Feat2Go: Visual Feature-Grounded Value Estimation for Embodied Reinforcement Learning
This work is significant for researchers and practitioners working on embodied reinforcement learning, as it offers a method to improve the effectiveness of VLA models by mitigating sparse supervision and the need for manual reward engineering, which is a common bottleneck in long-horizon manipulation tasks.
This paper addresses the challenge of sparse supervision and reward design in embodied reinforcement learning for vision-language-action (VLA) models. The authors introduce Feat2Go, a framework that estimates fine-grained value by deriving continuous progress targets from a visual world model and using these to reshape terminal rewards. This approach significantly improved OpenVLAOFT's out-of-distribution success on ManiSkill3 from 17.5% to 82.9% and achieved an 88.8% success rate on RoboTwin 2.0.

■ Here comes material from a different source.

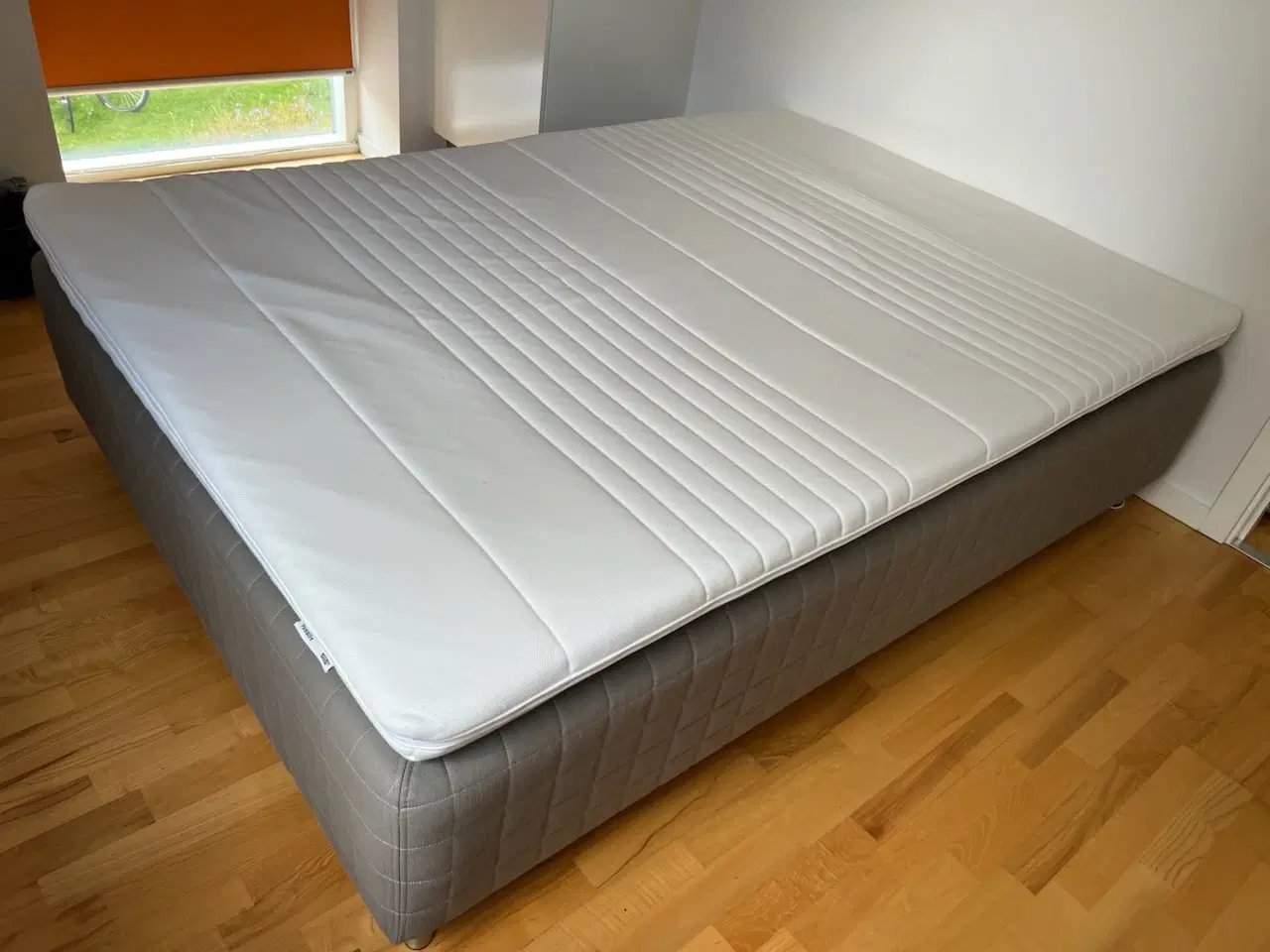 Billede 2 - Ikea Skotterud boxmadras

Reinforcement learning is a promising approach for improving the capabilities of vision-language-action (VLA) models while avoiding the heavy data requirements of imitation learning. However, its effectiveness for VLA models is often constrained by sparse supervision and the difficulty of designing informative reward signals for long-horizon manipulation. In this work, we present Feat2Go, a fine-grained value estimation framework for embodied reinforcement learning. Specifically, Feat2Go first derives a continuous progress target from a pretrained visual world model by measuring patch-level similarity to subgoal states and partitioning episodes into semantic stages with trend-based clustering. We then train an embodied value model to predict this structural progress from the current observation and task instruction, and use the predicted value to reshape terminal rewards during policy optimization. The proposed framework is compatible with existing VLA policy reinforcement learning pipelines, including PPO and GRPO, and does not rely on manual reward engineering. Extensive experiments on ManiSkill3 and RoboTwin 2.0 demonstrate that Feat2Go consistently improves the performance of existing VLA models under both single-arm and bimanual manipulation settings. More specifically, on ManiSkill3, Feat2Go improves OpenVLAOFT from 17.5% to 82.9% average out-of-distribution success while retaining 96.9% in-distribution performance. On RoboTwin 2.0, Feat2Go achieves an average success rate of 88.8% in domain-randomized task settings, outperforming prior reinforcement learning methods.